La Suisse assure le suivi du Code dans le cadre de sa Politique extérieure de santé, qui met l’accent sur une approche partenariale pour assurer durablement le recrutement d’effectifs suffisants de personnel soignant. L’objectif est de parvenir à des solutions concertées entre tous les acteurs concernés, tant publics que privés. La Suisse a ainsi mis sur pied dès 2008 un groupe de travail interdépartemental sur la migration et les ressources en personnel de santé. Ce groupe réunit les principaux acteurs gouvernementaux concernés, et il est également ouvert aux partenaires intéressés. Il assure notamment la collecte des informations nécessaires à l’établissement du rapport de mise en œuvre par la Suisse du Code.
La Suisse a conclu, en mai 2013, une stratégie de coopération avec l’OMS, qui vise à améliorer la collaboration dans des domaines prioritaires, tel que le personnel de santé. En parallèle elle s’est attachée à renforcer la coopération entre l’OMS et l’OCDE, dans le but d’instaurer un dialogue entre les pays industrialisés, principaux bénéficiaires de la migration, et les pays en développement, qui en subissent surtout les conséquences négatives. La Suisse a ainsi financé plusieurs études sur les tendances des migrations des personnels de santé, parues sous l’égide de l’OCDE. (OCDE 2015; OCDE 2016) Dans leur 2ème rapport sur le système de santé suisse, l’OCDE et l’OMS formulent également des recommandations pour renforcer la planification stratégique, et à l’échelle nationale, des effectifs de santé pour que le système de santé puisse, à l’avenir, répondre à des attentes croissantes et à l’évolution des pathologies.
Au niveau national, la Suisse a également fait du personnel de santé une des priorités de sa stratégie Santé2020, approuvée en janvier 2013 par le Conseil fédéral. L’un des objectifs de cette stratégie est de garantir qu’à l’avenir la Suisse dispose du personnel soignant nécessaire et qu’il ait une formation répondant aux besoins de la population. De fait la Suisse prend depuis plusieurs années des mesures dans le domaine de la formation domestique, en vue de diminuer sa dépendance vis-à-vis de l’étranger et de s’orienter progressivement vers une meilleure autosuffisance. Différents projets sont en cours, dont l’augmentation du nombre de diplômes en médecine humaine, ainsi que l’initiative qui vise à combattre la pénurie de personnel qualifié (« Fachkräfteinitiative »).

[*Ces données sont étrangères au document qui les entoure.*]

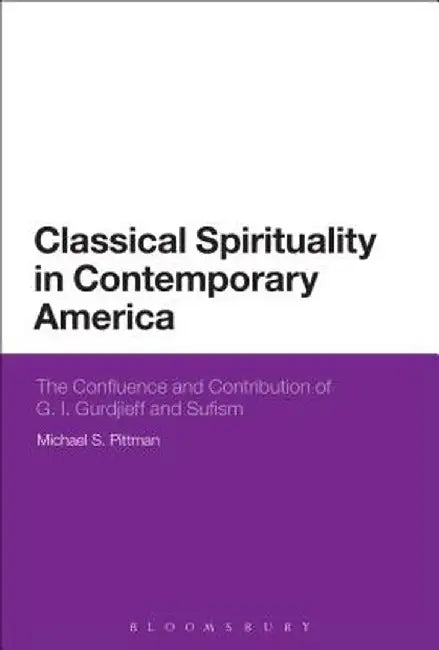 Classical Spirituality in Contemporary America: The Confluence and Contribution of G.I. Gurdjieff and Sufism by Michael S. Pittman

Six ans après son adoption, il apparaît donc clairement que le Code demeure un instrument pertinent, qui offre un cadre complet pour le développement des personnels de santé, s’étendant au-delà de la thématique de la migration des personnels de santé. Une fois adoptée, la Stratégie globale sur le personnel de santé d’ici à l’horizon 2030 viendra utilement le compléter, tout en opérant un changement de perspective : l’investissement dans les ressources en personnel de santé sera désormais envisagé non seulement comme un moyen de renforcer les systèmes de santé, mais aussi de favoriser la croissance économique. La création, annoncée le 2 mars dernier par le Secrétaire général des Nations Unies, d'une Commission sur l'Emploi en Santé et la Croissance Economique, illustre cette nouvelle approche, portée à la fois par l’OMS, l’OCDE et l’OIT. Cette Commission sera notamment chargée de formuler des propositions d'actions sur la manière de soutenir la création d’emplois pérennes dans le secteur sanitaire et social, de façon à contribuer à la croissance économique inclusive, en accordant une attention particulière aux pays à revenu faible ou intermédiaire.
La Suisse soutient cette approche et va poursuivre ses efforts en vue d’assurer la diffusion du Code et de progresser dans sa mise en œuvre, en collaboration avec les partenaires de sa politique extérieure de santé.